- Location of Suddendorf
- Suddendorf Suddendorf
- Coordinates: 52°18′N 7°13′E﻿ / ﻿52.300°N 7.217°E
- Country: Germany
- State: Lower Saxony
- District: Grafschaft Bentheim
- Town: Schüttorf

Area
- • Total: 8.2 km^{2} (3.2 sq mi)
- Elevation: 34 m (112 ft)

Population (2010-12-31)
- • Total: 1,089
- • Density: 130/km^{2} (340/sq mi)
- Time zone: UTC+01:00 (CET)
- • Summer (DST): UTC+02:00 (CEST)
- Postal codes: 48465
- Dialling codes: 05923
- Vehicle registration: NOH
- Website: www.suddendorf.de

= Suddendorf =

Suddendorf is a village and a former municipality in the district of Grafschaft Bentheim in Lower Saxony, Germany. Since 1 November 2011, it is part of the town Schüttorf.

==History==
The name Suddendorf comes from the earlier form Zudendorpe, Zuden meaning “south” and dorpe – cognate with the English “thorpe” – meaning “village”. It was therefore descriptive of the village’s location south of Schüttorf.
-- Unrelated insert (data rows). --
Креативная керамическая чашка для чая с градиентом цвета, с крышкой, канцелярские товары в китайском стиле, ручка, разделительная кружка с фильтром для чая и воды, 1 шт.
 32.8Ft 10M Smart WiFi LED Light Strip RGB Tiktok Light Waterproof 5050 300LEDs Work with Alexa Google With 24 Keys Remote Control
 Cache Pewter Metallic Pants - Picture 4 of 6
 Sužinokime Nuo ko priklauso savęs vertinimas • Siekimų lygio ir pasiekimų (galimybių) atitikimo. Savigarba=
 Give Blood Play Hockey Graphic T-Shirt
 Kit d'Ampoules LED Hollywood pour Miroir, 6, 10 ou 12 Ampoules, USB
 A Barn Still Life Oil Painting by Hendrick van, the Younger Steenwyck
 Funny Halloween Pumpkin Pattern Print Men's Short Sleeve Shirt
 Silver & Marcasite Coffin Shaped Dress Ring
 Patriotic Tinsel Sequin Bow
Suddendorf has roughly 1,000 inhabitants in several settled centres and farms.

==Politics==

===Mayor===
The community’s honorary mayor is Karl-Ernst Kiewit.

==Culture and sightseeing==

===Clubs===
- Schützenverein Suddendorf (shooting club, founded 1886)
- Spielmannszug Suddendorf (band, founded 1950)
- SV Suddendorf-Samern (sport club, founded 1959)

===Regular events===
Each year in Suddendorf, a marksmanship festival, a children’s marksmanship festival, a Stoppelfest (literally “stubble festival” – a celebration of the harvest) and a Christmas market are held.